Szefowa Kancelarii Premiera Beata Kempa kilka tygodni temu skompromitowała się projektem ustawy odblokowującej zamrożone przez rząd PO i PSL pensje członków rządu, senatorów, posłów, prezydenta i jego żony. W myśl projektu, Agata Duda miałaby otrzymywać 13 tysięcy złotych miesięcznie, a pensja jej męża wzrosłaby do 25 tysięcy. Premier zarabiałby zaledwie tysiąc złotych mniej, a podwyżki dla reszty członków rządu i parlamentarzystów miały sięgać 7 tysięcy złotych. Ministrowie mieliby zarabiać po 18 tysięcy złotych.
Ustawa miała być przegłosowana po cichu, późnym wieczorem, bez informowania mediów ani opozycji. Na szczęście gazetom udało się w porę zaalarmować opinię publiczną. Po skandalu jaki wywołała, Kempa przygotowała kolejny projekt, tym razem ograniczający podwyżki do członków rządu, jednak on także trafił do kosza.
Mimo to, jak ujawnił właśnie Fakt, szefowa Kancelarii Premiera nie odpuściła. Rozporządzeniem premiera, przygotowanym pod jej nadzorem, podwyżki dostaną asystenci, których pensja wzrośnie do 6560 złotych oraz sekretarze szczycący się wykształceniem średnim, którzy odtąd będą zarabiać 5060 złotych miesięcznie. Rozporządzenie wchodzi w życie za dwa dni.

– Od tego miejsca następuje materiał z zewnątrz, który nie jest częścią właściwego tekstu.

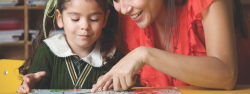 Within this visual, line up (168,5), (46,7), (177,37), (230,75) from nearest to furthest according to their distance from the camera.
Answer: (230,75) → (168,5) → (177,37) → (46,7)

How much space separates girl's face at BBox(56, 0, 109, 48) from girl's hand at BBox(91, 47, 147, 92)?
1.10 feet

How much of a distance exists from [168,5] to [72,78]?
23.9 inches

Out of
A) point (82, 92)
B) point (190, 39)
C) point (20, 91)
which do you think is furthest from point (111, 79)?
point (190, 39)

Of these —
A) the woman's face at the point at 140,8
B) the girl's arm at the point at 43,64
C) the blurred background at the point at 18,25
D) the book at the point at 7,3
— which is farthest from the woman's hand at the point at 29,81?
the book at the point at 7,3

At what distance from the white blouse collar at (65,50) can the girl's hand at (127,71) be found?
0.40 metres

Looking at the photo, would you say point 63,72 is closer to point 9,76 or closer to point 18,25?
point 9,76

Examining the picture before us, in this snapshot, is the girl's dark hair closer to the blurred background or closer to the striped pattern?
the striped pattern

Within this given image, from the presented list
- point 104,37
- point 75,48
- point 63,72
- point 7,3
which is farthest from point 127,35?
point 7,3

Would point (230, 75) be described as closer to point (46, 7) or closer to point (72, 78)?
point (72, 78)

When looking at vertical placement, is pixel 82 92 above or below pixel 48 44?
below

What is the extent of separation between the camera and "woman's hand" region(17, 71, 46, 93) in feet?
2.61

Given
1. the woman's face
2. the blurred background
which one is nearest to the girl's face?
the woman's face

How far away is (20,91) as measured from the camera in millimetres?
793

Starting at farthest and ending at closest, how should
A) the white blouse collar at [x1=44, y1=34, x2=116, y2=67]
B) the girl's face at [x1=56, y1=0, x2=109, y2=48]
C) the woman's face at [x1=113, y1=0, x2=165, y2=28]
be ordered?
the white blouse collar at [x1=44, y1=34, x2=116, y2=67] < the girl's face at [x1=56, y1=0, x2=109, y2=48] < the woman's face at [x1=113, y1=0, x2=165, y2=28] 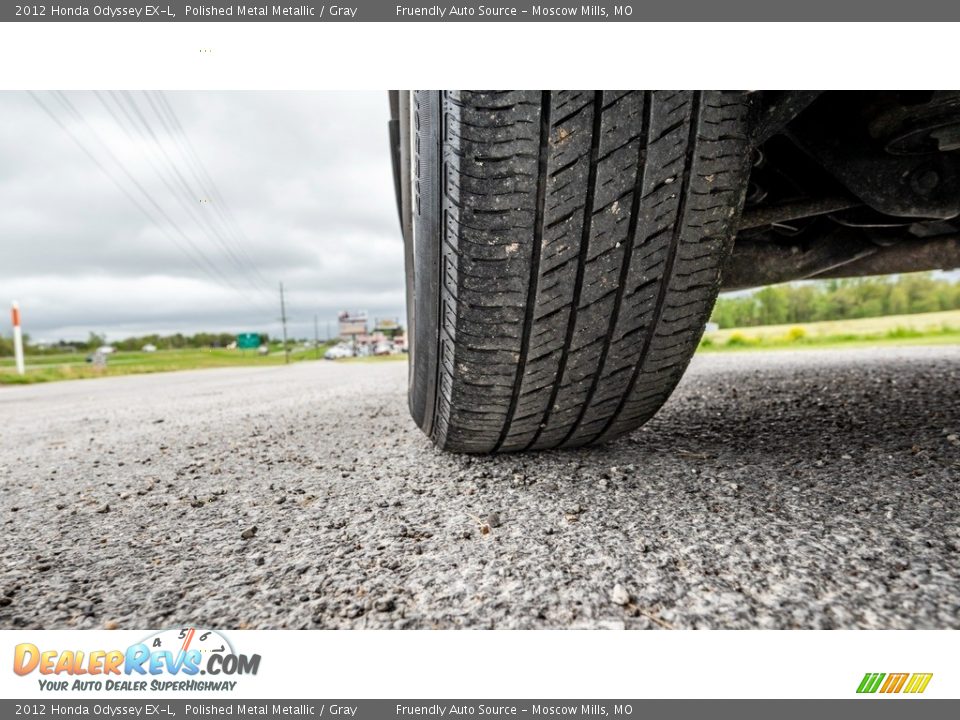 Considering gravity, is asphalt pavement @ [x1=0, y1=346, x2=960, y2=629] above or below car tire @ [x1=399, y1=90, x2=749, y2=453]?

Ciekawe jest zapewnienie w uzasadnieniu do rozporządzenia o podwyżkach: "Wzrost wynagrodzeń nie spowoduje dodatkowych skutków finansowych dla budżetu państwa" - pisze Fakt. Bo kancelaria premiera podwyżki wypłaci ze "swoich". Nie wspomina tylko, że "swoje" to tak naprawdę "nasze".
Dziennikarzom tabloidu nie udało się porozmawiać z Beatą Kempą. Przebywa aktualnie na zagranicznych wakacjach.